▽

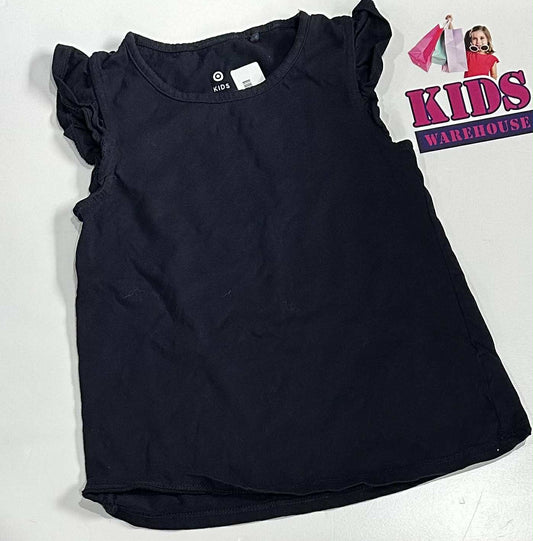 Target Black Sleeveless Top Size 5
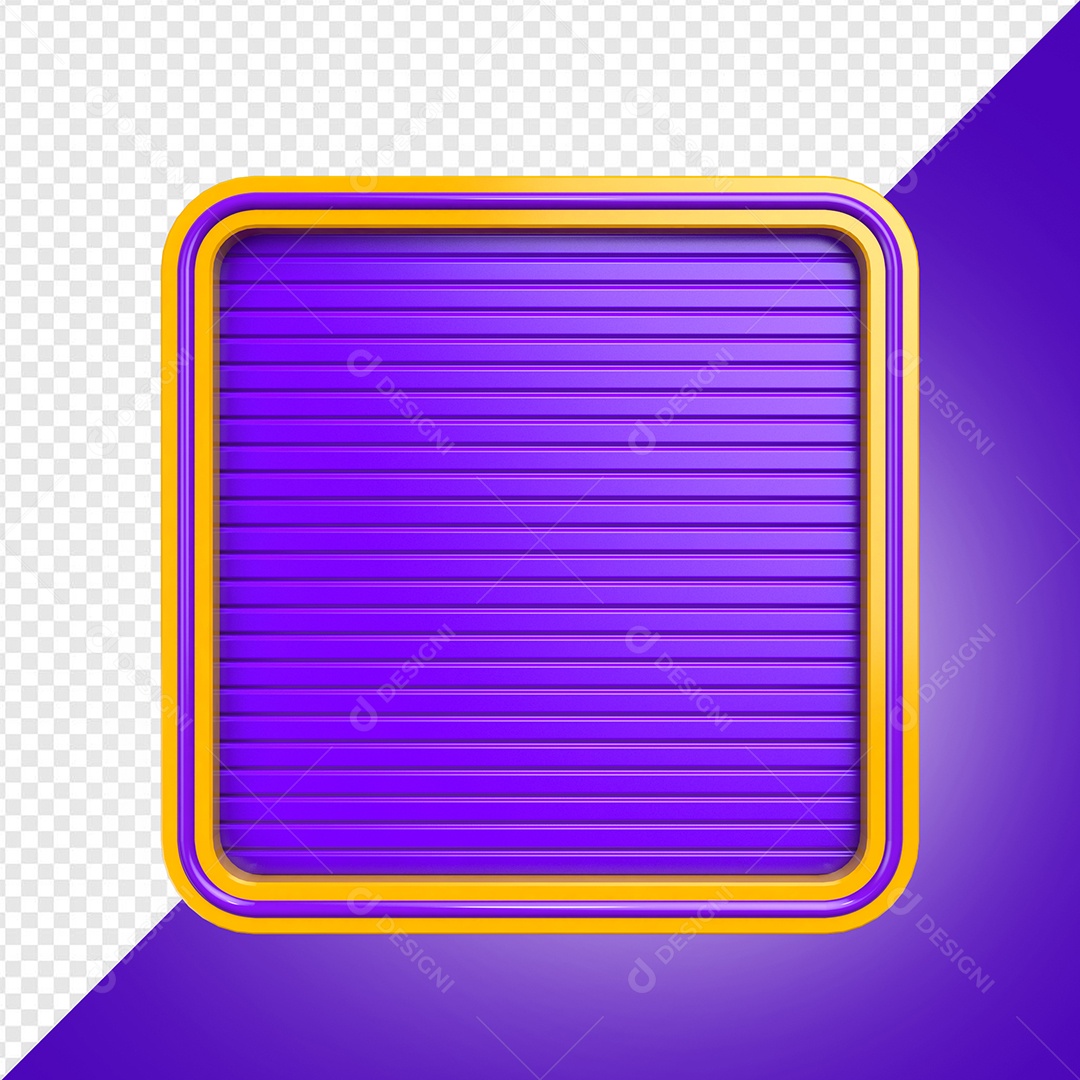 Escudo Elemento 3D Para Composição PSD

△
▽

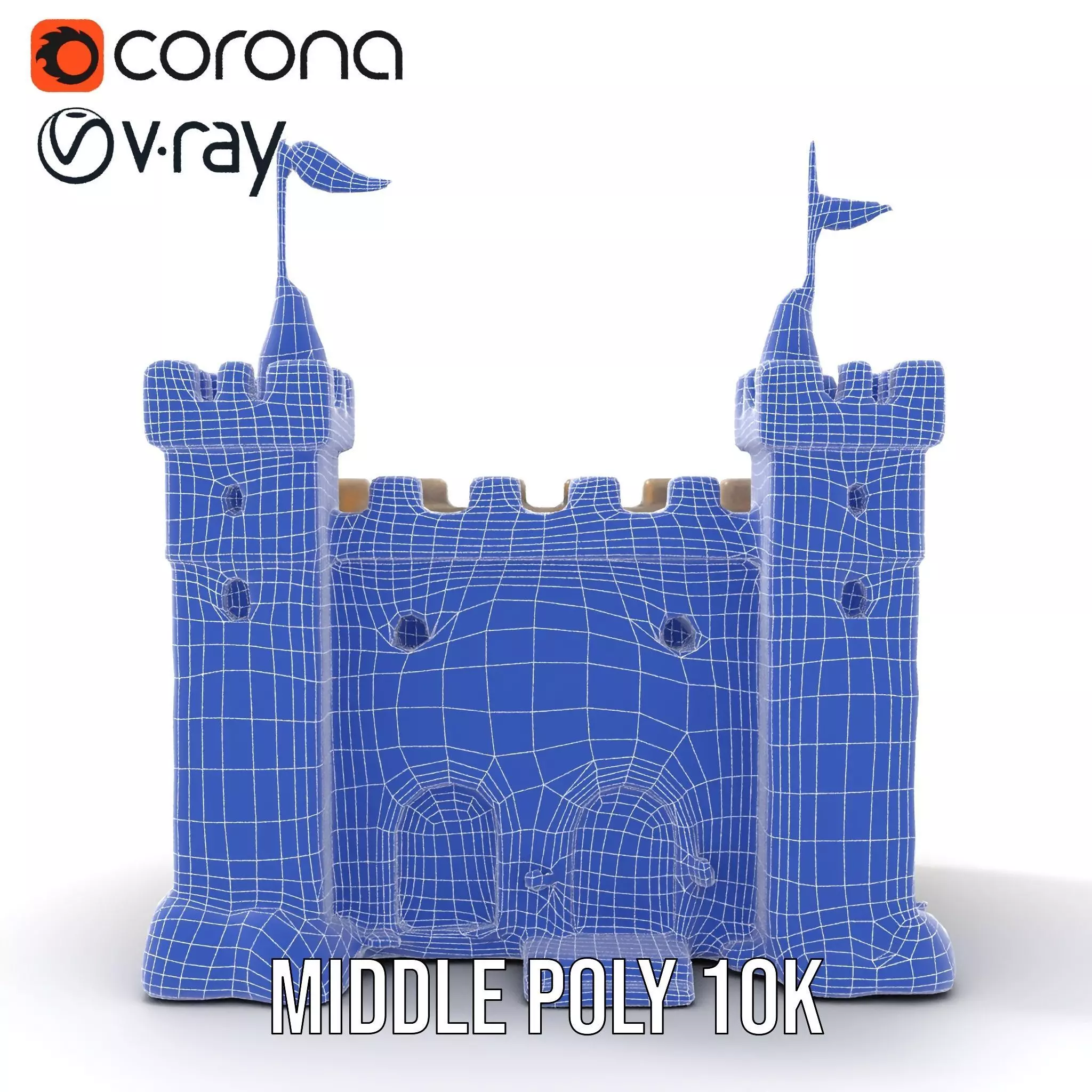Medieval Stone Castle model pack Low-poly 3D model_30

△

The answer must be the lines above from the one containing "Target Black Sleeveless Top Size 5" through the one containing "Escudo Elemento 3D Para Composição PSD", reproduced exactly, with no pictures and nothing else.

> _REPLY_
 Target Black Sleeveless Top Size 5
 Escudo Elemento 3D Para Composição PSD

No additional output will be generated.